Run the older app on FC3 and see what happens but also run the newer app on
RH7.3 to compare the results.

If the older app runs on FC3 then it points to the newer app being wrong.

Also, if the newer app runs on the RH7.3 then it points to the FC3 o/s being
wrong.

What are the differences between the older and newer apps?

Pep.
 
C

Chris Uppal

Ron said:
It works fine under all conditions except using SSL over the LAN when the
network interface is configured using DHCP. It works with a normal socket
over dialup or over the LAN with a fixed IP or DHCP. It works with the SSL
socket over dialup or over the LAN with a fixed IP but not DHCP. [...]
I have no idea where to even start looking for this one.
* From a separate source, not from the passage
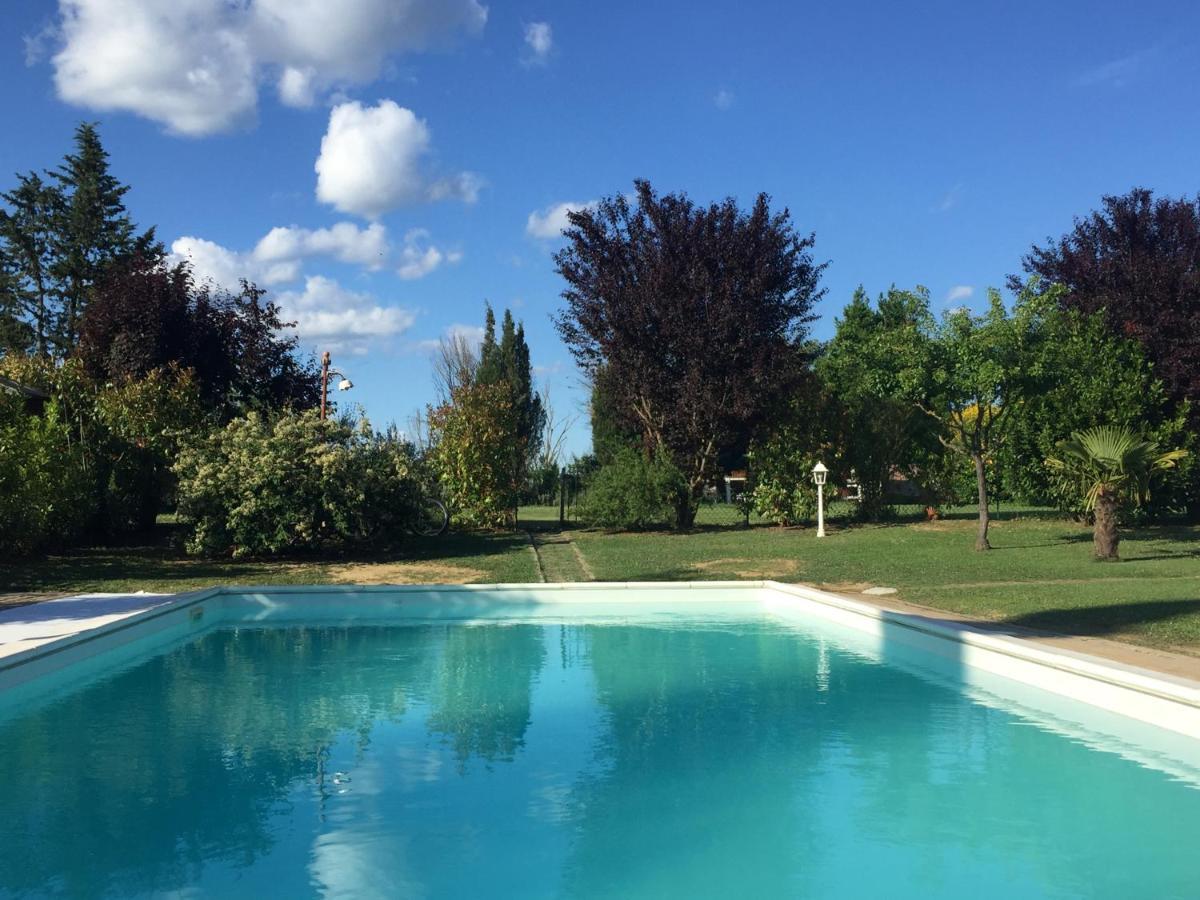 Appartamento Con Piscina E Giardino A Сиена Экстерьер фото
Any pointers on
things to check would be appreciated.

After trying "muttley"s suggestion (and assuming that it didn't show up the
problem), I'd be inclined to focus very carefully on what was happening with
DHCP. First ensure that the settings supplied by DHCP are /exactly/ the same
as the static configuration (or it may be easier to change the static
configuration to be /exactly/ what DHCP would supply). Don't forget to
double-check things like the DNS and gateway info that may be supplied by DHCP.
I seem to remember that even the hostname can be supplied by DHCP, if so check
that too -- check /everything/. Does the problem still manifest ? Then fire
up Ethereal and look /very/ hard at the network behaviour, taking particular
note of the IP headers and the like (i.e. don't only look at the payload). For
comparison do the same thing with SSL turned off. Obviously there will be some
differences caused by the need to set up and use encryption, but a lot of the
traffic /should/ be identical (DNS lookups and the like). Where is the
difference ?

-- chris
 
R

Ron Albright

After trying "muttley"s suggestion (and assuming that it didn't show up the
problem), I'd be inclined to focus very carefully on what was happening with
DHCP.

I ran the new app on the old hardware/OS and still had the problem.
Running the old app on the new hardware/OS would take some significant
work. To Pep: The difference is the older version uses RMI while the newer
uses a straight SSL socket. But they both use identical code, keys and
passphrases to set up the socket factories.
First ensure that the settings supplied by DHCP are /exactly/ the same
as the static configuration (or it may be easier to change the static
configuration to be /exactly/ what DHCP would supply). Don't forget to
double-check things like the DNS and gateway info that may be supplied by DHCP.
I seem to remember that even the hostname can be supplied by DHCP, if so check
that too -- check /everything/. Does the problem still manifest ?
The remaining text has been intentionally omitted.